**What the exercise asks**
What you return should be the lines from the one with "Papelera Acero Inoxidable IG-12L-QA" through the one with "Welded steel pipe" in the data below, reproduced exactly with both ends, and no pictures at all.

**Recorded information**
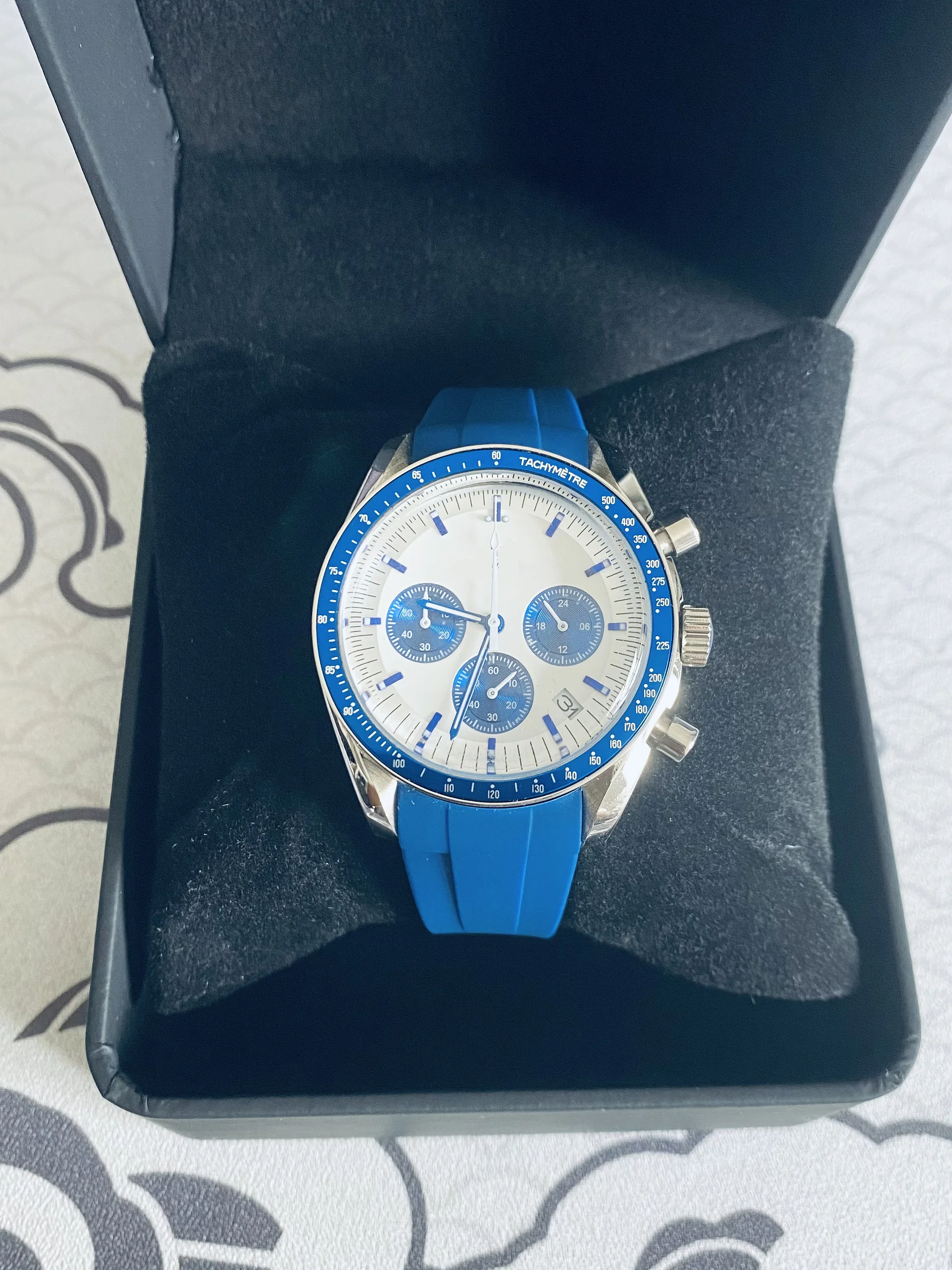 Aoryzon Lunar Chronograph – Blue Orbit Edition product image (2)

* * *

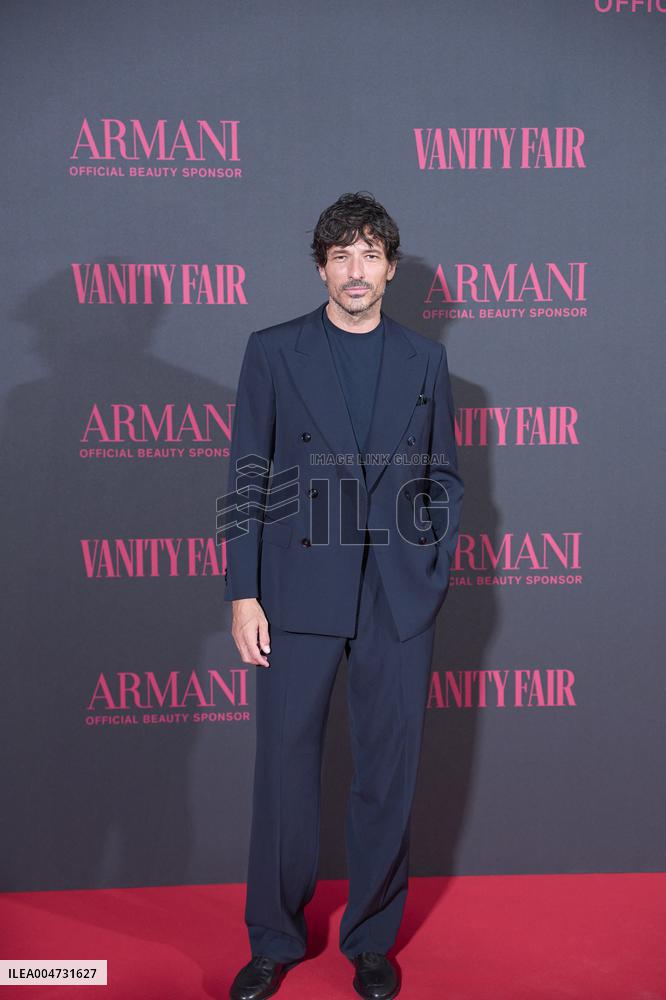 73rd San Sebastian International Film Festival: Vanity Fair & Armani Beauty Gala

---

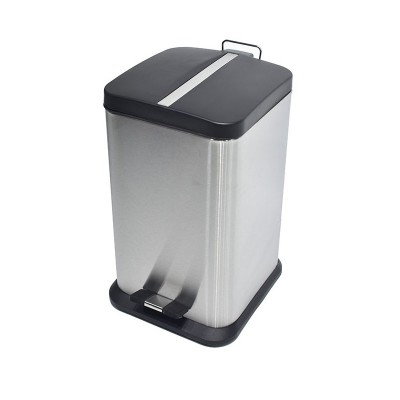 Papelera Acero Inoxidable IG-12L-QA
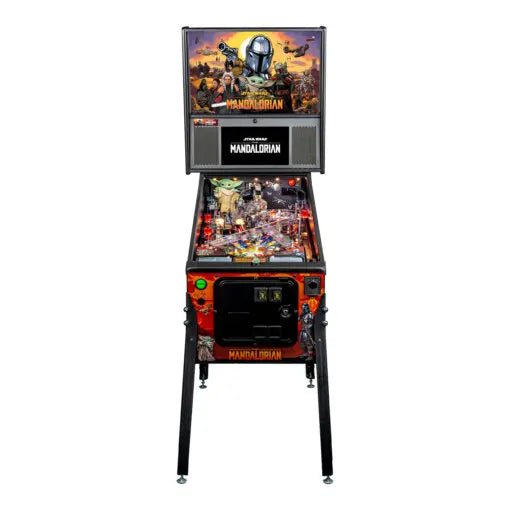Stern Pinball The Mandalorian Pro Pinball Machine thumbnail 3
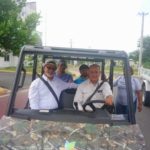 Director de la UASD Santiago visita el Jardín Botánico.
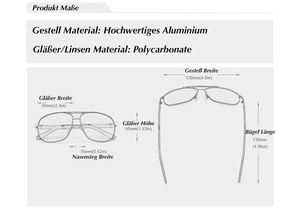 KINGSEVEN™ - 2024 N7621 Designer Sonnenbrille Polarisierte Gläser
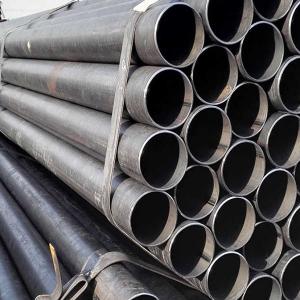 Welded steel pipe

**Result of this task**
 Papelera Acero Inoxidable IG-12L-QA
Stern Pinball The Mandalorian Pro Pinball Machine thumbnail 3
 Director de la UASD Santiago visita el Jardín Botánico.
 KINGSEVEN™ - 2024 N7621 Designer Sonnenbrille Polarisierte Gläser
 Welded steel pipe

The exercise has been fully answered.